On le voit, le TILT au poker constitue une réponse maladroite à ce que l'on considère comme une sorte de provocation : provocation du destin qui nous a faire perdre un pot injustement, ou provocation venant d'un joueur qui nous a exaspéré de par son comportement. Dans un cas comme dans l'autre, le résultat est le même : on réduit considérablement ses chances de succès. Le TILT est une situation extrêmement inconfortable, car à bien des égards incontrôlable et pouvant survenir à n'importe quel moment. La solution consiste donc à savoir faire preuve de patience et d'humilité. Ou alors à avoir beaucoup de chance très rapidement, ce qui aura le don de désamorcer le processus... Mais inutile de rêver : dans la grande majorité des cas, c'est la débâcle.

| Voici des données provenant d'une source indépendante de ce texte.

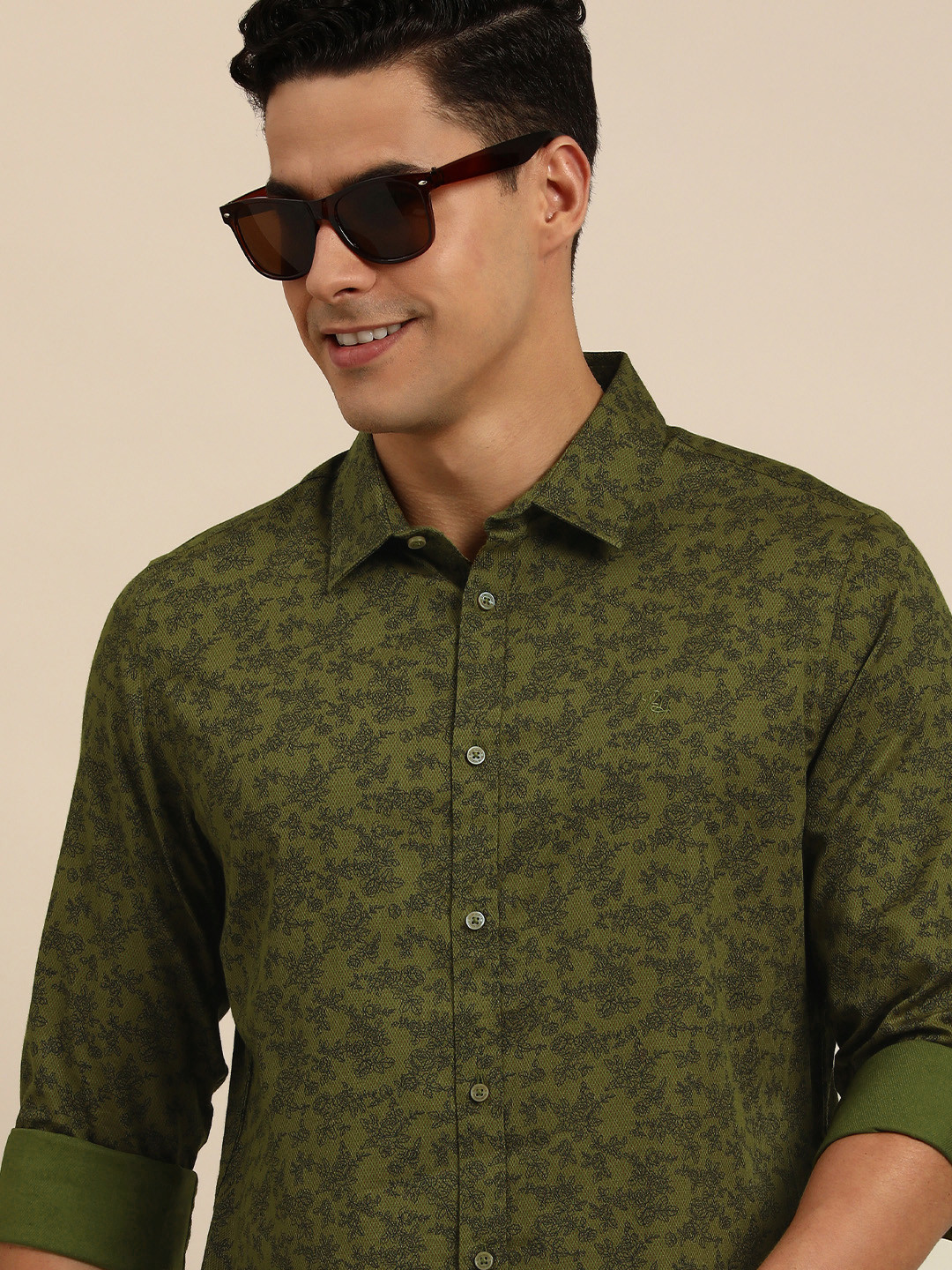 

Being Human Men Standard Slim Fit Floral Printed Pure Cotton Casual Shirt, Olive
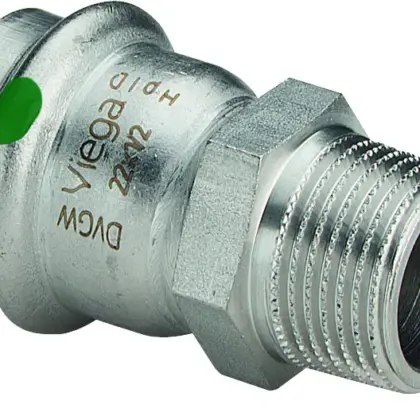 Viega Persovergangsstuk inox 22mm x 3/4" M (drink)water Viega Sanpress Inox 2311 436490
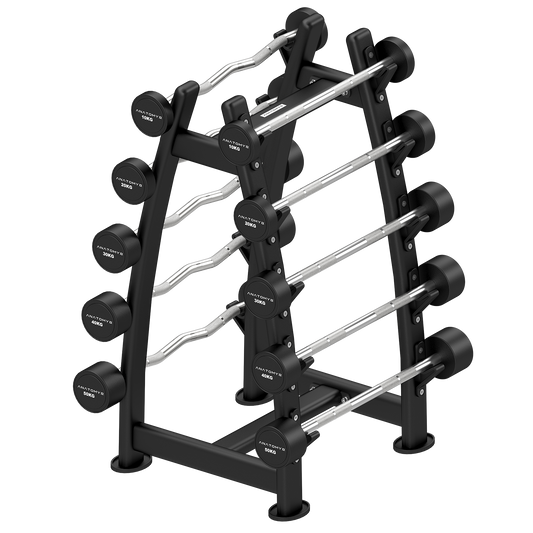 Anatomy Fitness Fixed Curl & Straight Barbell Set with Rack 10kg - 50kg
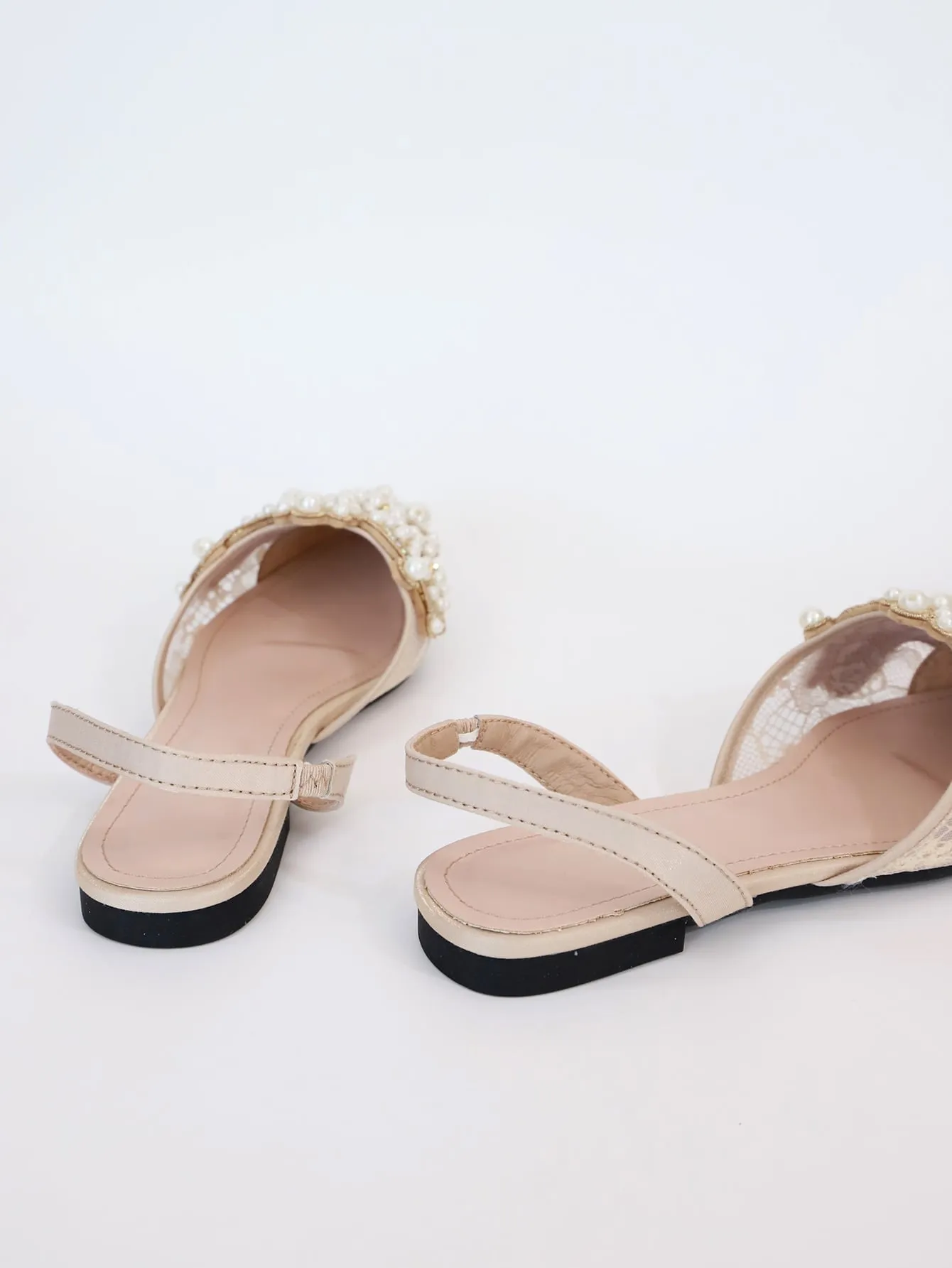 Faux Pearl & Rhinestone Decor Slingback Flats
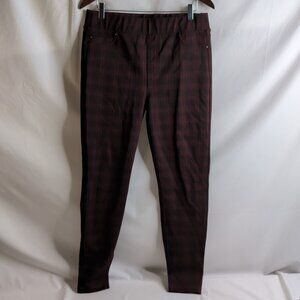 Liverpool Women's Maroon/Black Rosette Plaid Jeggings, US 12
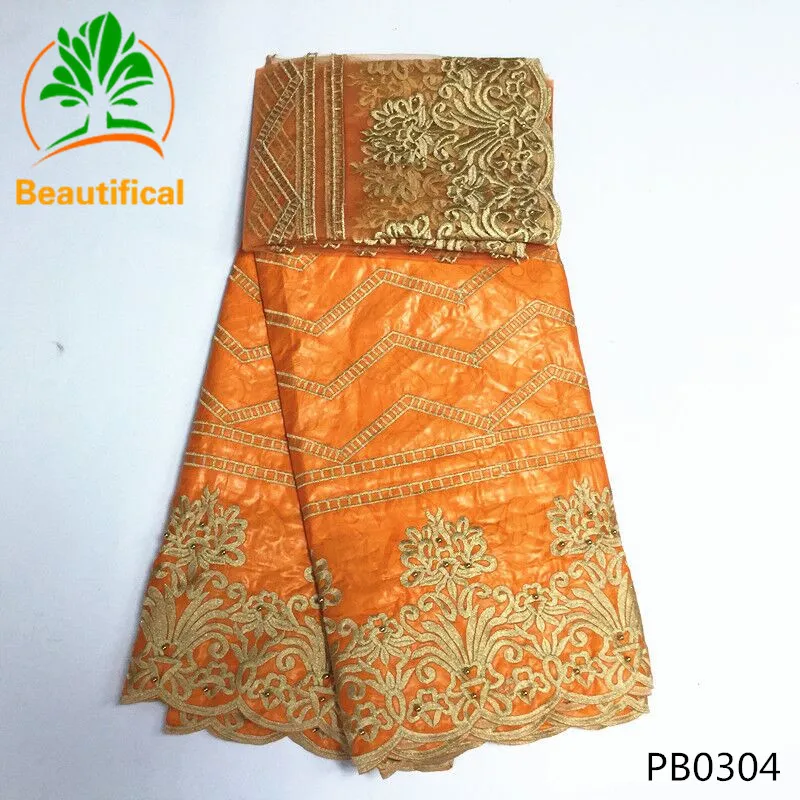 

BEAUTIFICAL Orange Bazin riche fabric embroidered with beads 2019 latest riche getzner high quality net lace set PB03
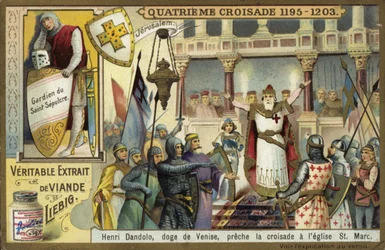 Enrico Dandolo, Doge of Venice, preaching the Fourth Crusade in St Marks Basilica, Venice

A titre personnel, j'ai la chance d'être à l'abri des ravages du TILT : d'une part, je maîtrise plutôt bien mes émotions et il est rare que j'aie envie de sanctionner un adversaire (lorsque cela arrive, je sais me montrer très patient). Et d'autre part, je ne joue pas en mode cash game, puisque je joue quasi exclusivement des tournois et qu'en cas de TILT (ce qui ne m'arrive pour ainsi dire jamais) la perte est limitée aux frais d'inscription du tournoi. Le contrôle de ses nerfs constitue une qualité rare, complètement indépendante de la notion de compétence, et qu'il est difficile de faire progresser avec le temps et l'expérience. On l'a ou on ne l'a pas. J'ai la chance de l'avoir. Tant mieux pour moi.